Linear Curves: Leon Polk Smith – Works from the 1960s
January 11 – February 22, 2014
For all the open spaces, the stark inspiration of his native Oklahoma, Hard Edge painter Leon Polk Smith (1906 – 1996) found his ultimate muse in the city of New York. “New York City revealed its physical self to me through the mountains and canyons of the Southwest…I felt the city to be the perfect equation for a great abstraction.”
Though possessed with an artist’s sensitivity, Smith journeyed to New York to attend Columbia University’s Teachers College. But there, in 1936, he came in contact with the work of European modernists Jean Arp, Constantin Brancusi and Piet Mondrian. Inspired by these fresh-eyed provocateurs and driven by his own tireless ambition, Smith embarked on a systematic exploration of non-gestural abstraction and established himself as a trail-blazing highly respected artist.
In every decade, Smith’s canvasses confound the viewer’s understanding of space. But the genesis for works featured in this exhibition arrived in 1954 via a sporting goods catalogue.

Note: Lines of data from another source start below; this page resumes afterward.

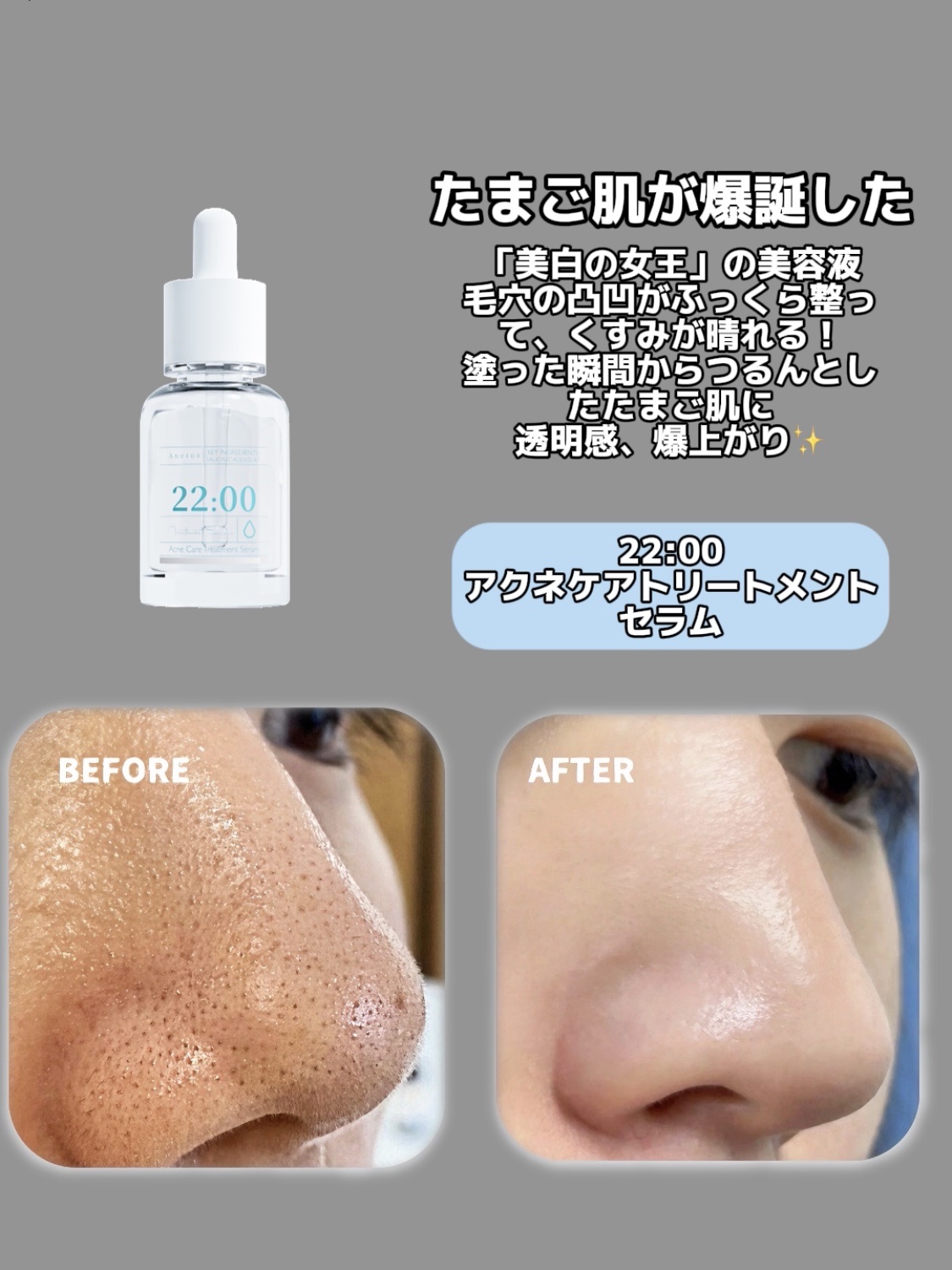 アネトス アクネケア トリートメント セラム/Anetos/美容液を使ったクチコミ（2枚目）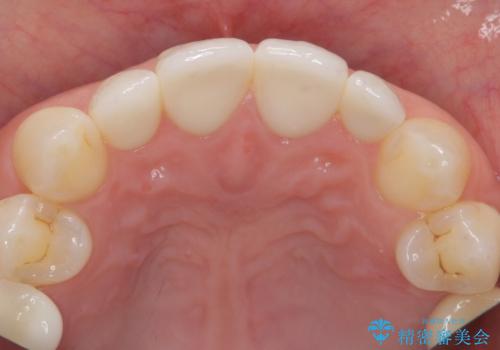前歯が大きいのが気になる セラミックで整えたいの治療後
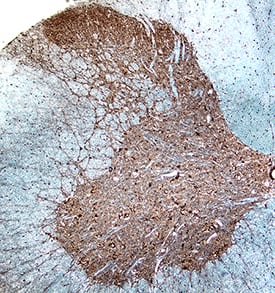 GABABR2 was detected in perfusion fixed frozen sections of rat spinal cord using Goat Anti-Rat GABABR2 N-Terminus Antigen Affinity-purified Polyclonal Antibody (Catalog # AF1188) at 15 µg/mL for 1 hour at room temperature followed by incubation with the Anti-Goat IgG VisUCyte™ HRP Polymer Antibody (Catalog # VC004). Tissue was stained using DAB (brown) and counterstained with hematoxylin (blue). Specific staining was localized to dorsal horn. View our protocol for IHC Staining with VisUCyte HRP Polymer Detection Reagents.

The strong outlines of baseballs, tennis balls and footballs provoked a revelatory series of drawings and then paintings known as tondos; curvilinear forms painted on disk-shaped surfaces in a palette of strong primary colors. Ovals of orange, spheres of blue and green, clean edged cubes arranged in the manner of a stairway. No matter where they lead, on paper or canvas, all the works reflect the inventive curiosity of their maker.